- French theatrical release poster
- French: Terra Willy, planète inconnue
- Directed by: Éric Tosti
- Written by: David Alaux [fr] Éric Tosti Jean-François Tosti
- Produced by: Jean-François Tosti
- Starring: Timothé Vom Dorp [fr]; Édouard Baer; Barbara Tissier [fr]; Marie-Eugénie Maréchal [fr]; Guillaume Lebon [fr];
- Edited by: Jean-Christian Tiassy Hélène Blanchard
- Music by: Oliver Cussac
- Production companies: TAT Productions [fr] Master Films France 3 Cinema Logical Pictures France Télévisions OCS Ciné+
- Distributed by: BAC Films
- Release date: 5 April 2019;
- Running time: 90 minutes
- Country: France
- Language: French
- Box office: $4.3 million

= Astro Kid =

2019 French computer-animated science-fiction film

Astro Kid (Terra Willy, planète inconnue, lit. 'Terra Willy, unknown planet') is a 2019 French animated science-fiction film directed and written by Éric Tosti with the participation of the co-writers David Alaux and Jean-François Tosti. The plot concerns on a young boy named Willy, who after the destruction of his ship, gets separated from his parents and lands on an unexplored planet, where he must survive until the arrival of a rescue mission.

== Synopsis ==
Following the destruction of their ship, a 10-year-old boy called Willy is separated from his parents with whom he traveled through space. His rescue capsule lands on a wild and unexplored planet. With the help of Buck, a survival robot, he will have to hold on until the arrival of a rescue mission. Meanwhile, they meet an eight legged lizard-like alien named Flash, with whom they become friends, and together they discover the planet, its fauna, its flora... but also its dangers.

== Voice cast ==
=== English Dub ===
- Landen Beattie as Willy
- Jason Canning as Buck
- Susan Myers as Probe
- Laura Post as Willy's Mother
- Keith Silverstein as Willy's Father

=== French Dub ===
- Timothé Vom Dorp as Willy
- Édouard Baer as Buck
- Barbara Tissier as Probe
- Marie-Eugénie Maréchal as Willy's Mother
- Guillaume Lebon as Willy's Father

== Production ==
Terra Willy is the second feature film from the Toulouse-based studio TAT Productions to be released in theatres, after The Jungle Bunch. Shortly after his previous film release in July 2017, TAT announced its production of Astro Kid with a team of 70 people and having a budget of €6 million.

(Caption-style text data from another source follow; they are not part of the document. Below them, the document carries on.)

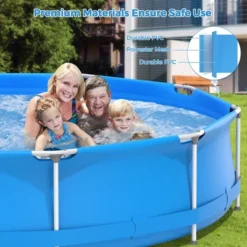 Costway Round Above Ground Swimming Pool Patio Frame Pool W/ Pool Cover Iron Frame -Water Sports Equipment GUEST 9298bc3f 747b 4509 9416 c75d20415590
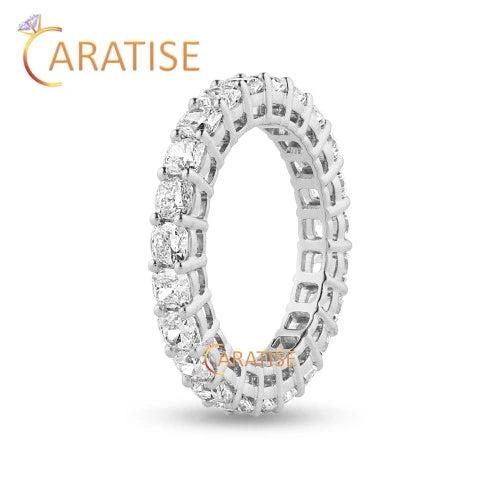 3.45 TDW Cushion Cut Diamond Eternity Band Ring 925 Silver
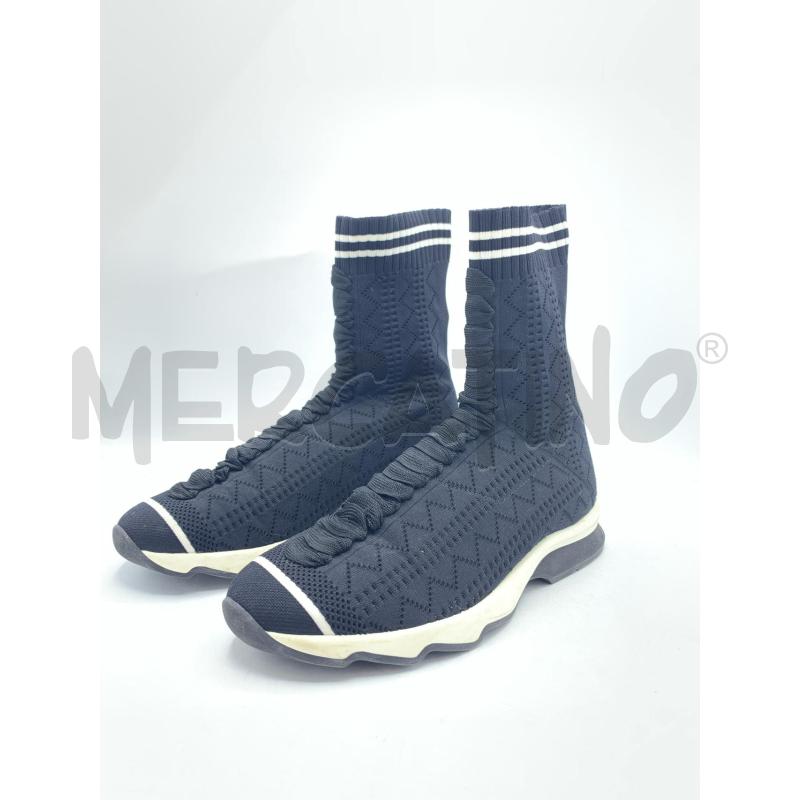 STIVALETTI DONNA FENDI BABBUCCIE  NERI RIGHE BIANC ELASTIC | Mercatino dell'Usato Roma re di roma 4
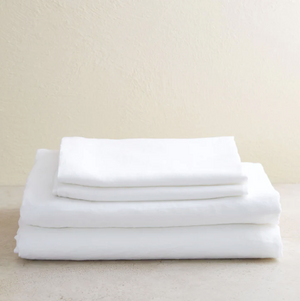 Linen Social Sheet Set - White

The movie was animated using 3ds Max and rendered using VRay. Some of the render tests used Substance Designer on their own for textures. The team used 3ds Max pipeline because of the most common plugins like Ornatrix and Forest. The studio only had three developers for internal tools that were mostly used for plugging any holes in the usage design of the forest planet to use UDIMs for the first time. Substance Painter was used in a new way resulting in loading all the UDIMs and being able to bake all the maps in one place alongside UV and surfacing on ZBrush. These were later exported to Autodesk software alongside materials for the hard surfacing, for metals, paints, plastics, rubbers and for the background props modelling.

== Reception ==
The film received generally positive reviews from critics, and on Rotten Tomatoes, the film holds an approval rating of from reviews.

Tom Cassidy of Common Sense Media gave the film four stars out of five, saying "an animated alien adventure has learning, empathy, teamwork." Leslie Felperin of The Guardian give a rate of the film three stars out of five, saying that the animation is "fluent and densely rendered, although sometimes the characters have less subtlety than their surrounding environment. But, compared with the relentlessly noisy animated features coming out of Hollywood, this is refreshingly old-school and innocent." He also noted that the film is "meant to teach kids about self-reliance, cooperation, the value of outdoor adventure and risk-taking; and the obligatory environmental sentimentalism is also present and correct." Larushka Ivan-Zadeh of The Times rated the film also three stars out of five, stating that the film has "a neat underlying message about how children, forcibly unplugged from technology and overprotective parents, will survive and thrive." She also said that the film's narrative has "heart-tugging boy-and-dog tale lacks in [its] momentum, it makes up for in wondrous diversion." Starburst Magazine's Laura Griffiths rated the film six out of ten, writing that the film's animation is "wonderful and the environments which Director Éric Tosti and co. have created offer an exciting Technicolor landscape of weird and wonderful wildlife." Though, she also wrote that the voice acting is a "tad iffy," but overall, she concluded "a good story of survival with plenty of fun moments along the way."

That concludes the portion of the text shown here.